Here’s another find from the collection of Guinness-related material we’re currently sorting through: a 1981 dictionary of beer tasting descriptors by American brewing scientist Joseph Owades.
This is fascinating to us because while researching Brew Britannia we spent ages trying to find examples of the kind of tasting notes we now take for granted — horseblanket, pine, all that jazz — and found nothing substantial from before the mid to late 1980s.
This document, however, lists almost 80 different taste descriptors with brief notes on their meaning. Here are a few sample entries:
cellary — usually an odor, but sometimes also a taste, produced by micro-organisms which live mainly in wood, and found in beers which have been kept in such wooden tanks or barrels. Also found in beers which have not been in contact with wood, but with such micro-organisms; also musty or woody.
flowery — an odor which resembles a mixed bouquet of flowers, usually sweet and pleasant; most probably derived from hops.
skunky — an odor, resembling closely that emitted by a skunk, produced only when beer in a clear bottle is exposed to visible light. The use of brown glass protects from this effect.
It looks as if this particular copy, typed and photocopied on eight sides of A4, was a handout at some kind of conference held at the Harvard Club in New York City in November 1981 and sponsored by Anchor Brewing of San Francisco, and All About Beer magazine.
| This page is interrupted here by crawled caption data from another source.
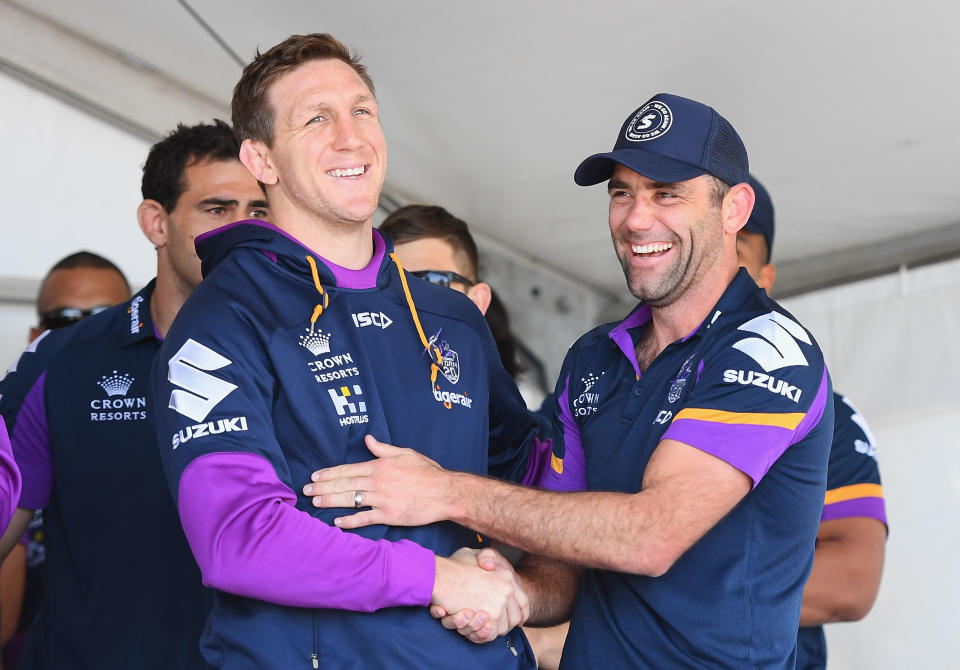 Ryan Hoffman and Cameron Smith have a laugh during the Melbourne Storm Fan Day.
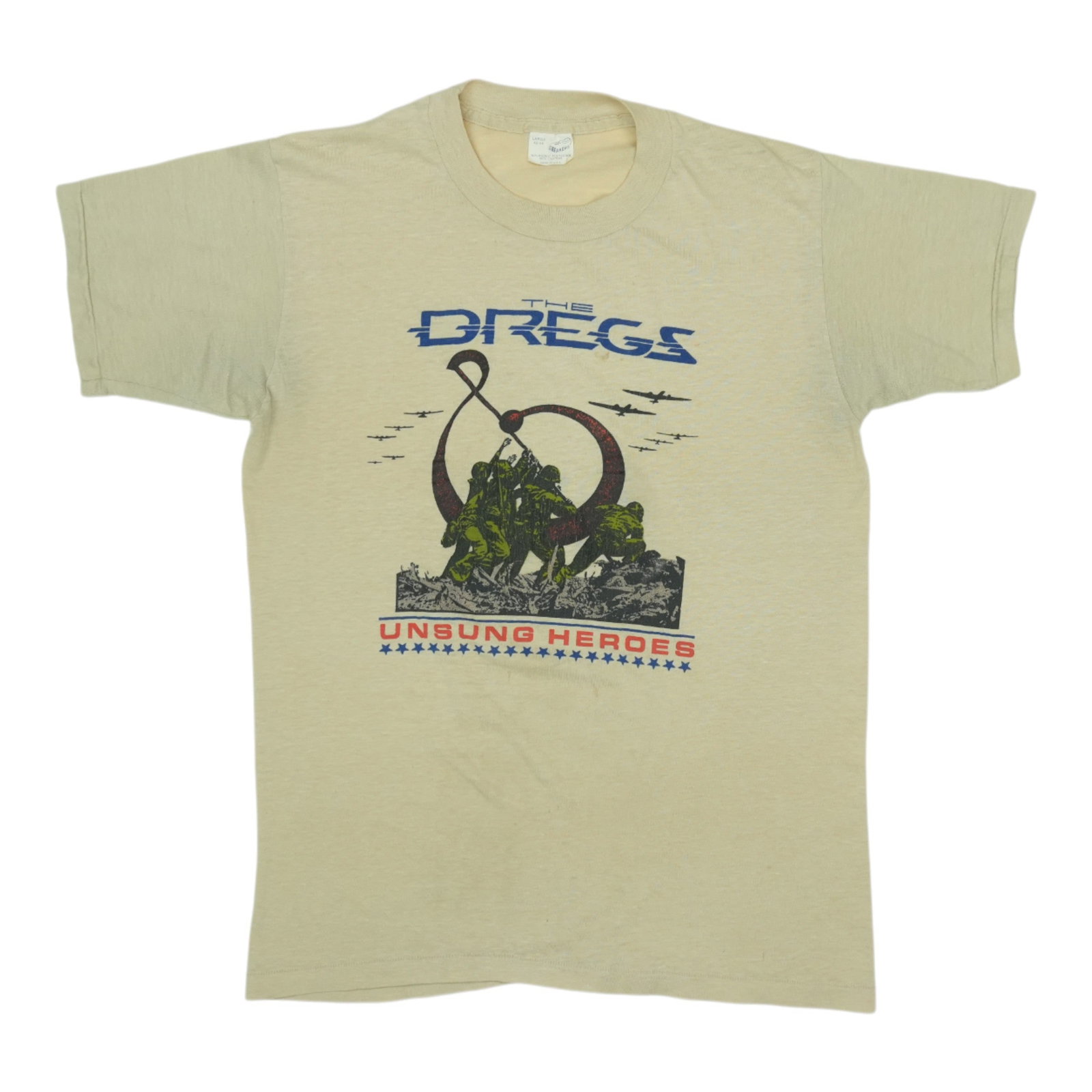 Vintage 1980s Tan The Dreggs Unsung Heroes Poly Cotton Graphic Shirt: Vintage 1980s Tan The Dreggs Unsung Heroes Poly Cotton Graphic Shirt This is an original vintage 1980s The Dreggs Unsung Heroes shirt featuring front and back graphics. Made from a 50/50 poly/cotton b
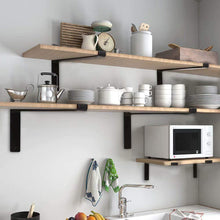 Load image into Gallery viewer, Kitchen with Midofar heavy-duty shelf brackets supporting rustic wooden shelves, displaying dishes and a microwave above a sink.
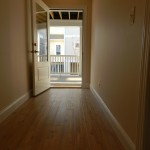 Hallway Access to Rear Deck on 1st Floor - hardwood floors in vacation rental home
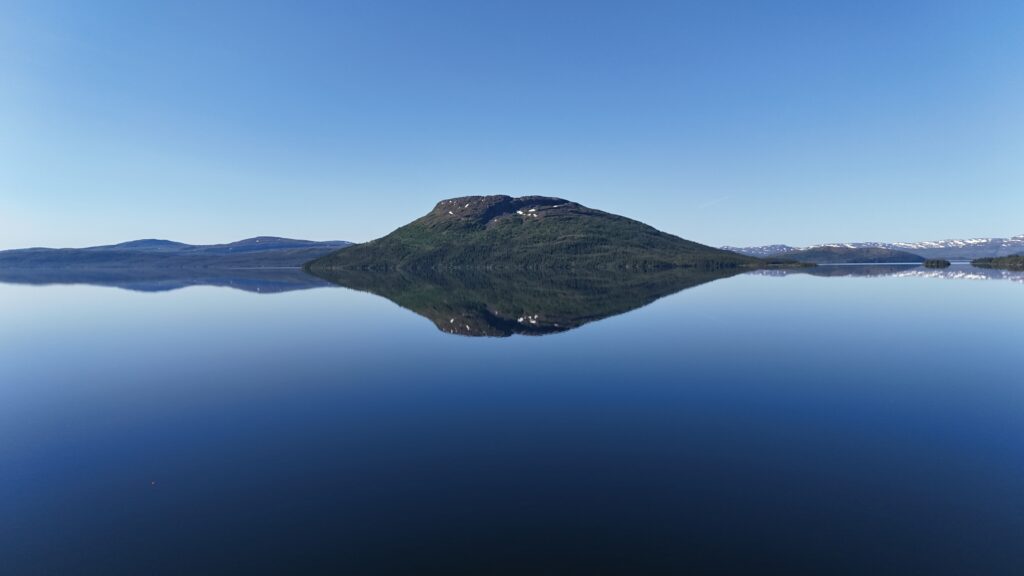 En grønn øy omkranset av innsjøen Dåtnejaevrie/Tunnsjøen speiler seg perfekt i vannet, under en klarblå himmel, med snøkledde fjell i bakgrunnen.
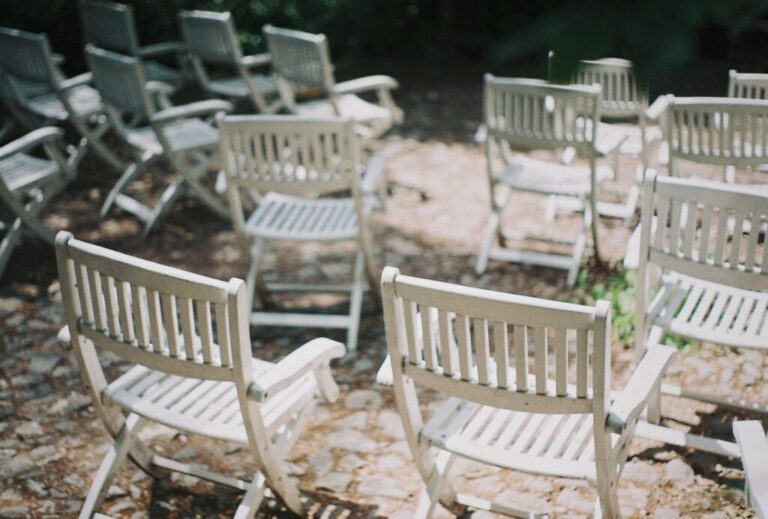 A group of empty white wooden chairs arranged outdoors on a stone surface, with sunlight filtering through trees, creating a peaceful and quiet setting.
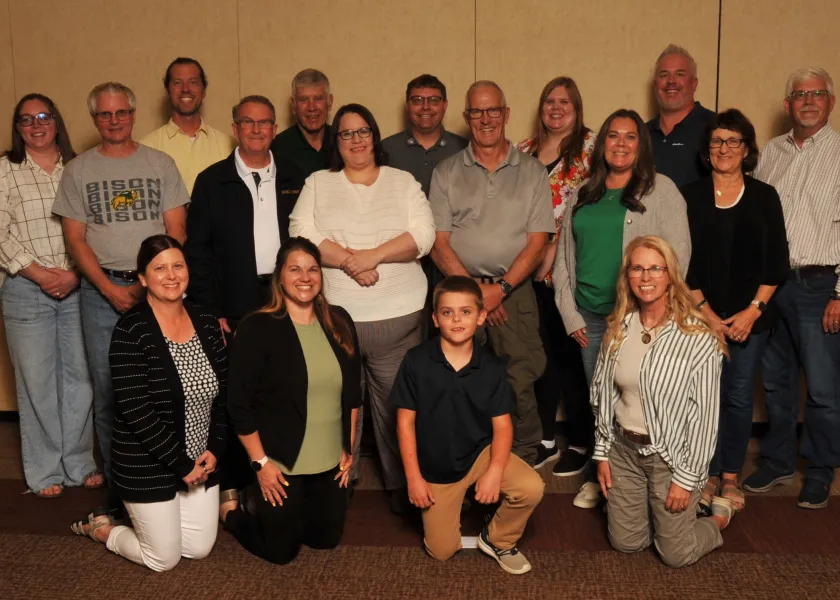 A group of people smiling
Owades is an interesting figure, best known as the inventor of light lager, and of contract brewing as we know it today. The dictionary was published under the flag of his beer consultancy firm, The Center for Brewing Studies.
Though the document is obscure (scarcely a passing mention exists online) we can’t help but suspect that some key players — writers and brewers on both sides of the Atlantic — acquired copies, and were inspired by the language employed.